Boutique investment bank Cowen ( COWN) got a modest boost Tuesday after two Wall Street firms started coverage with buy ratings. Merrill Lynch research analyst Guy Moszkowski started coverage of Cowen with a buy rating, setting a price target of $18 a share. Sandler O'Neill also initiated coverage with a buy rating on the stock. Shares of Cowen rose 13 cents to $14.32. The stock has lost 10% of its value since its initial public offering last month. Cowen priced shares at $16 apiece after setting an expected range of $19 to $21 a share. "Market conditions have driven shares lower from an already low IPO price ... and Cowen is trading at a significant discount to
its competitors," Moszkowski said in the report. "This has provided an attractive entry point, in our view." Cowen's shares are trading at a discount to its competitors, according to Moszkowski's estimates. At Tuesday's price, Cowen shares fetch 12 times next year's estimated earnings. Piper Jaffrey ( PJC) trades at 17.8 times earnings, and Thomas Weisel ( TWPG) is at 12.9 times. But Cowen makes about 50% of its revenue from investment banking services and the other half mostly from sales and trading. The bank mainly advises deals and assists trading in equities, which doesn't bode well if the stock market slows.

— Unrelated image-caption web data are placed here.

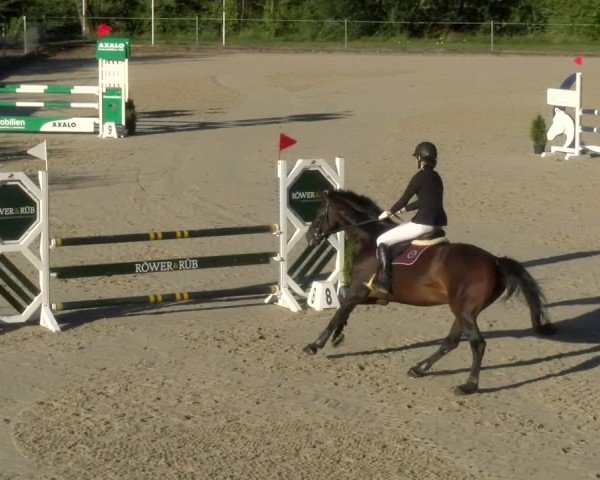 Reitturnier Maienfeld 2024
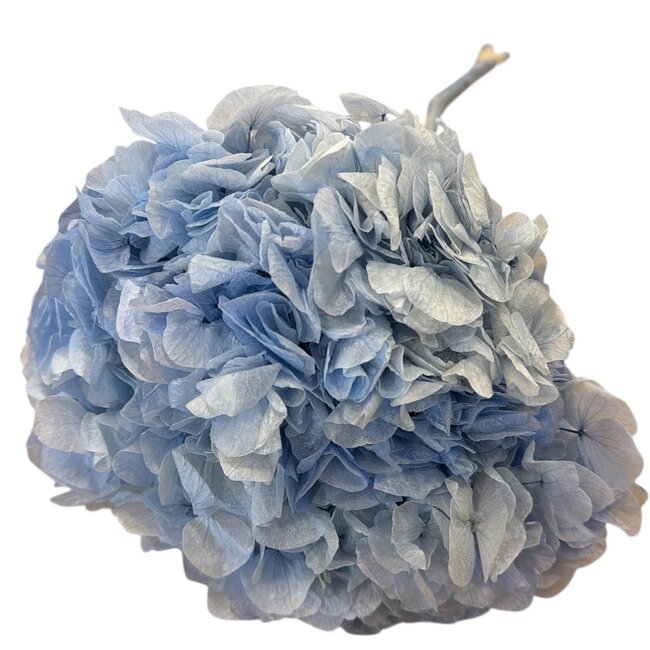Hydrangea Hortensie Konserviert | Farbe: Hellblau | Länge ± 50 centimeter | Durchmesser 15 centimeter | Pro Stiel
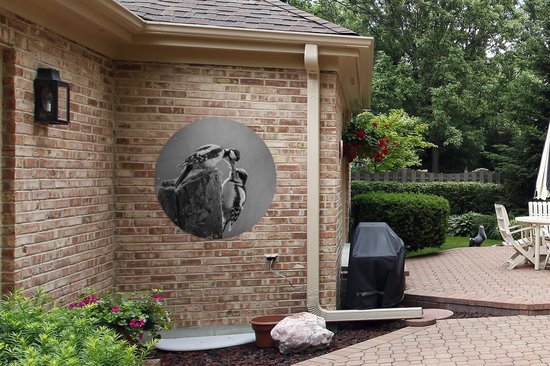 Cercle de jardin Une mère pic épeiche nourrit ses petits - noir et blanc - 90x90 cm - Affiche de jardin ronde - Extérieur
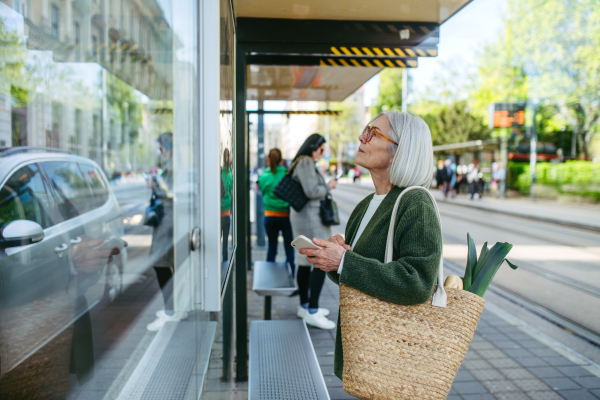 Mature woman with gray hair looking at timetable at bus stop. Older woman with eyeglasses waiting for a public transport.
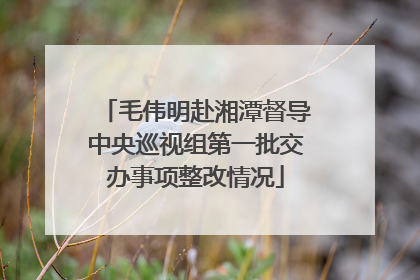 毛伟明赴湘潭督导中央巡视组第一批交办事项整改情况
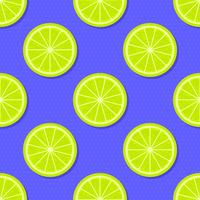 Slices Lime Summer Background vector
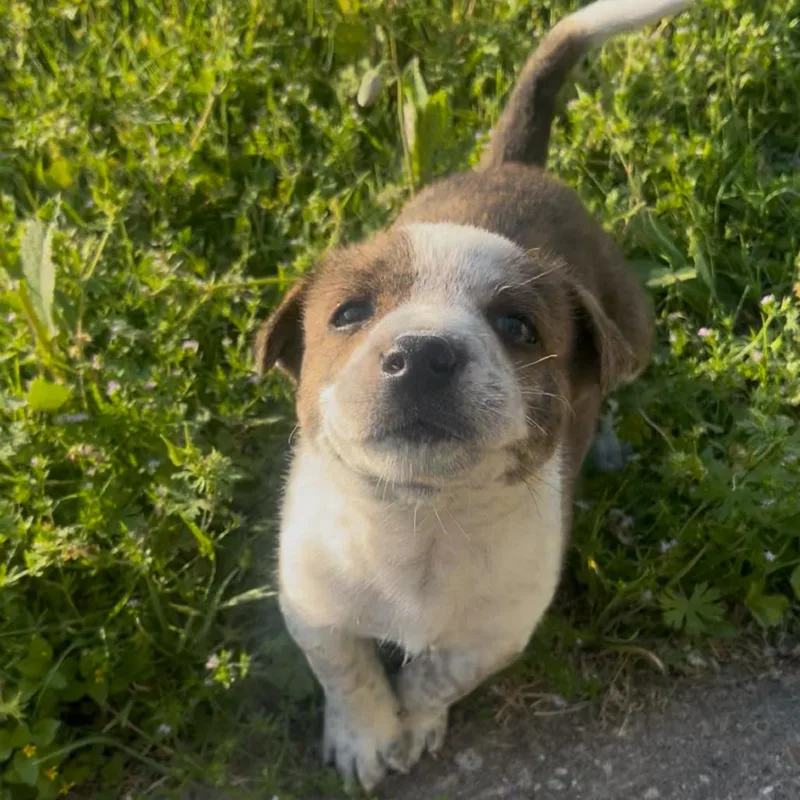 A baby small-sized male Brown / Chocolate Cattle Dog dog named Bucee for adoption in Waco, TX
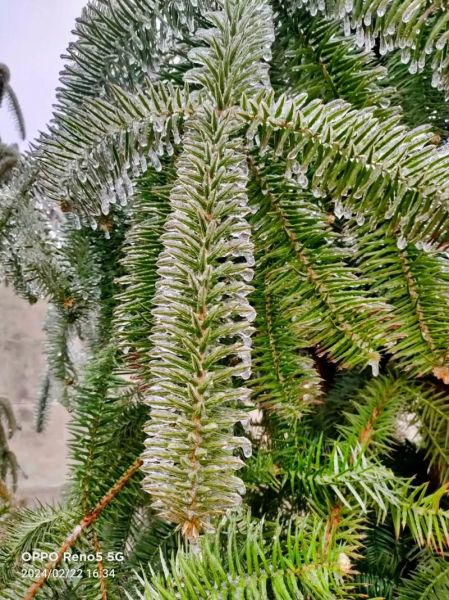 冰雪银花是什么_冰雪银花怎么养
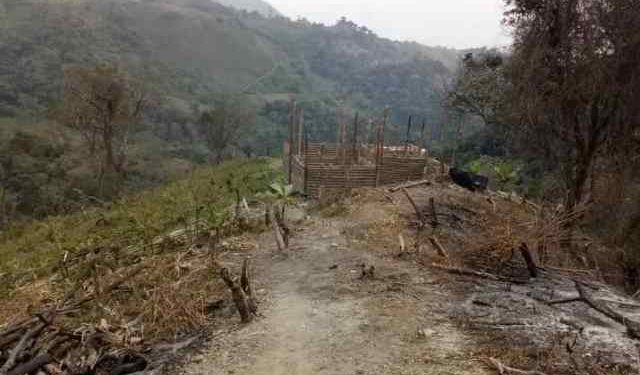 Alerta forestal en Lara: persisten los incendios provocados en el Parque Nacional Yacambú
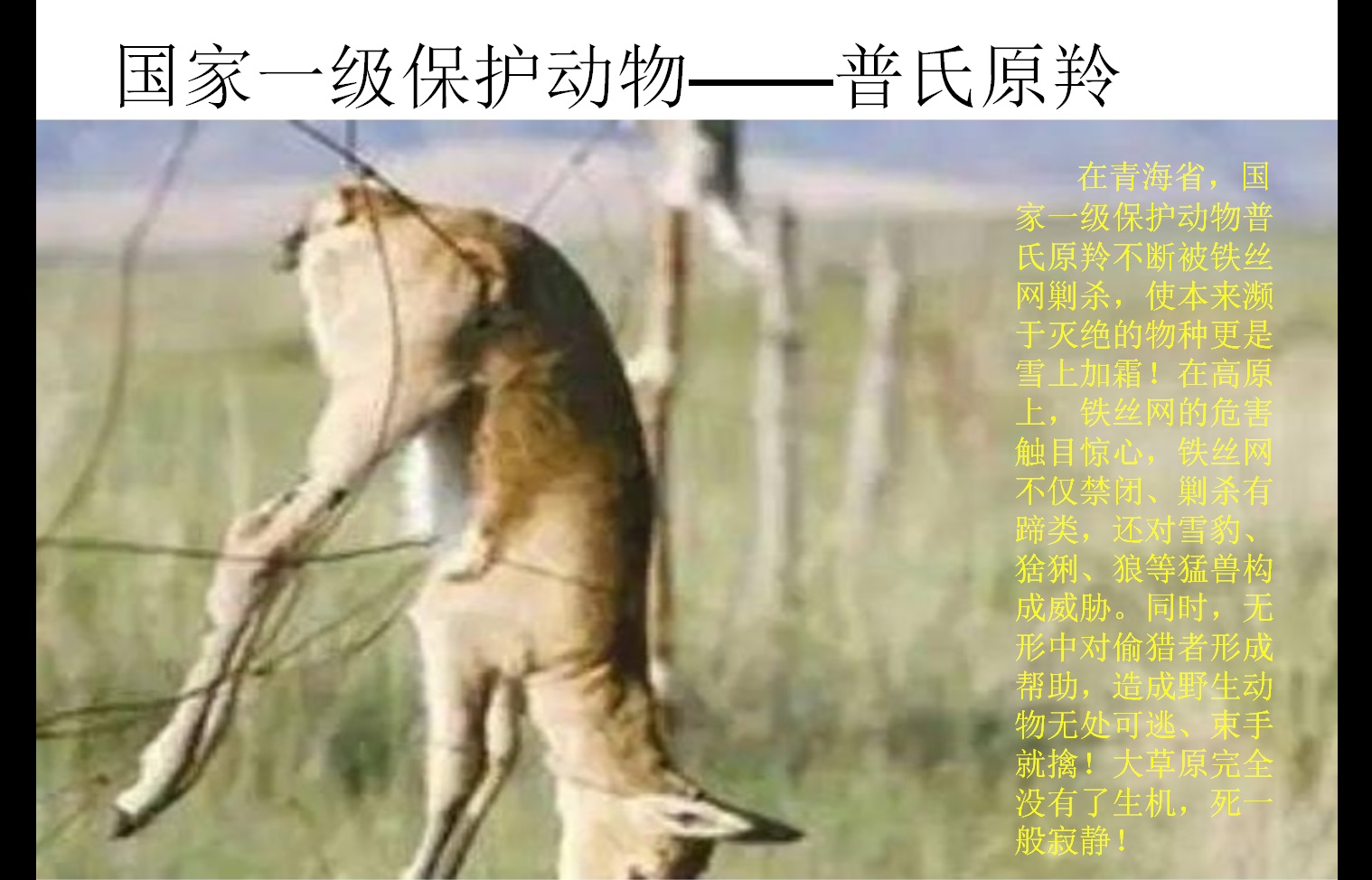 5 青藏高原生态保护法 边境铁丝网 普氏原羚 马鸣发言稿_20220922.jpg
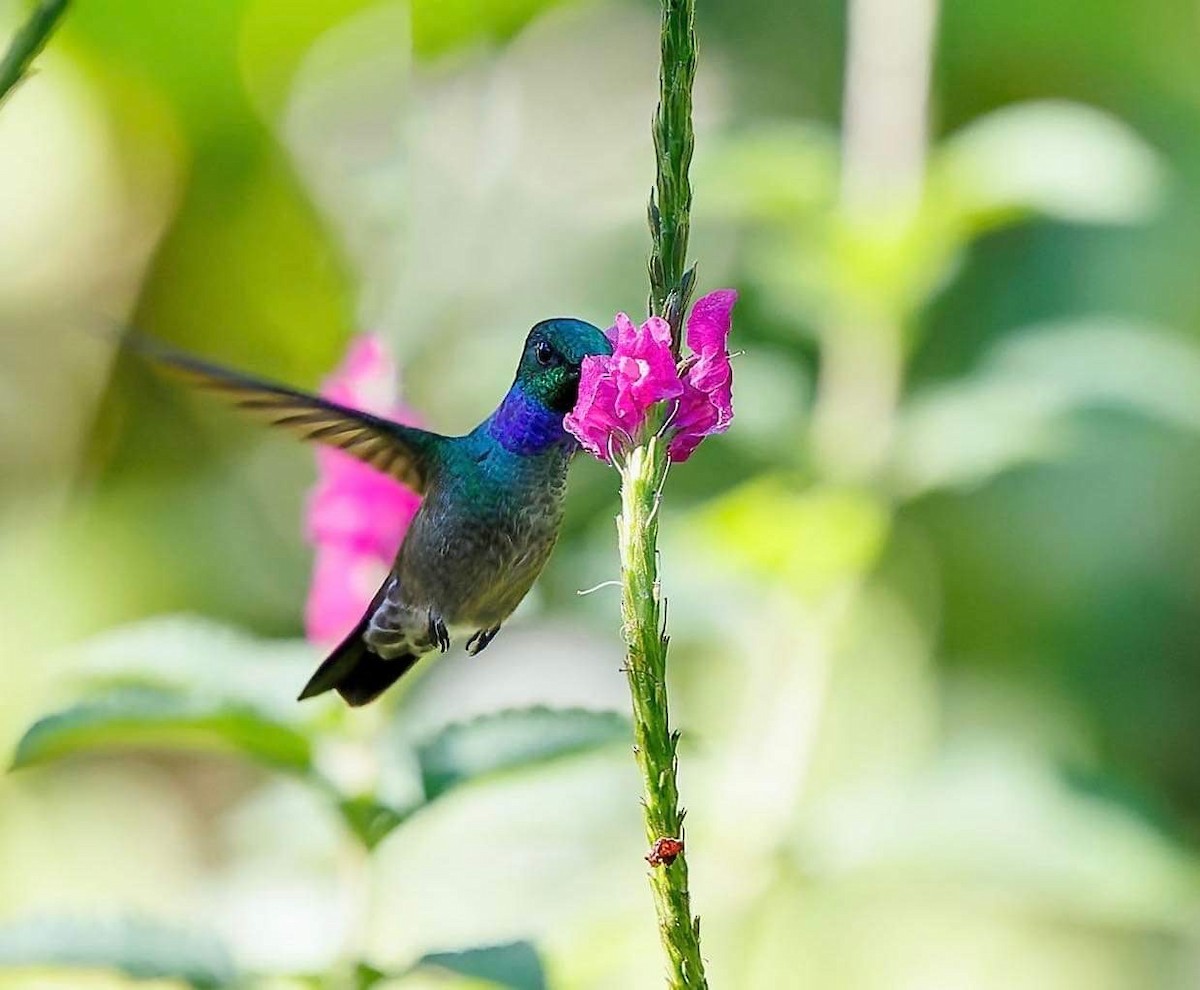 Blue-chested Hummingbird - ML536362451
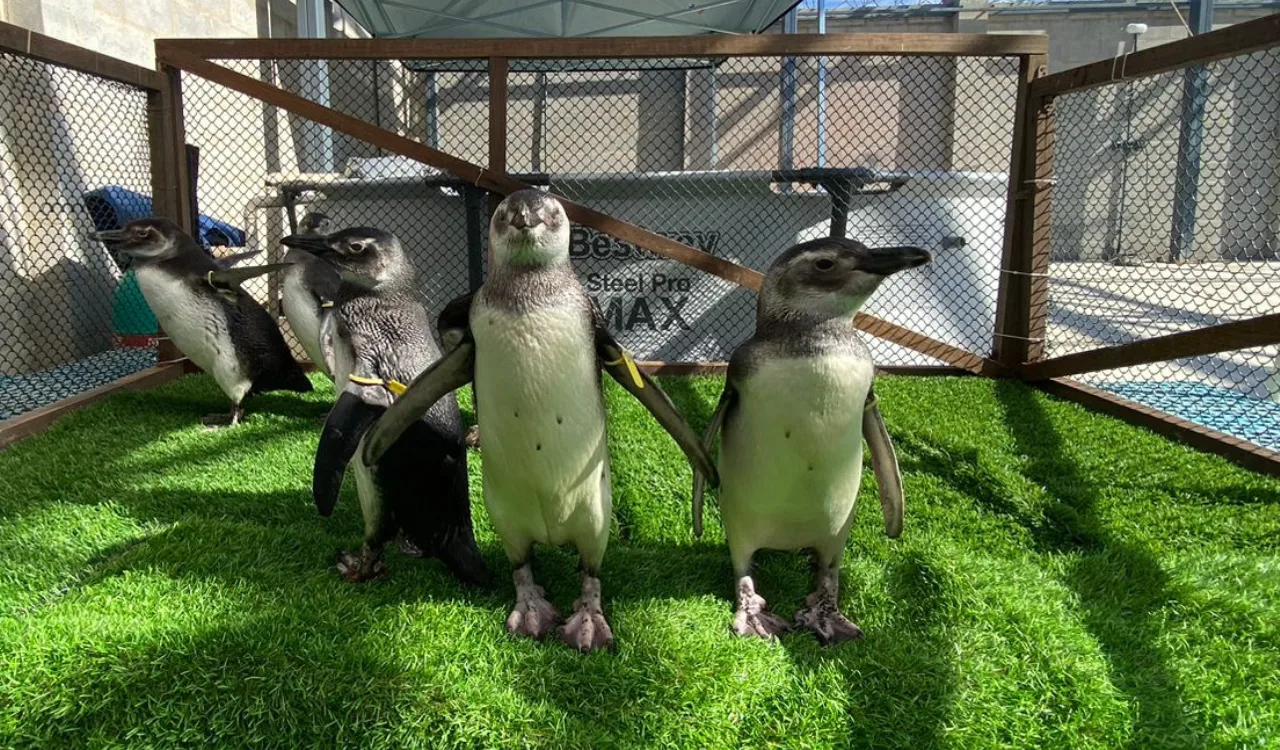 Mais de 50 pinguins da Patagônia foram resgatados em praias do ES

"Cowen businesses are heavily driven by equity markets, so it is disproportionately exposed to any market downturn," Moszkowski said in the report. Meanwhile, the firm also earned $17.7 million of its $83.6 million in revenue from private placements -- including assisting PIPEs deals, or private investments in public equity. Cowen's revenue from private placement increased nearly fivefold in the quarter, but as PIPEs deals draw regulatory scrutiny, Cowen's revenue from these deals may be at risk. "PIPEs have begun to draw the attention of regulators concerned about inappropriate use by investors of the information about a coming issue. This is a growing business for Cowen and could be constrained by government regulation/intervention," the report said.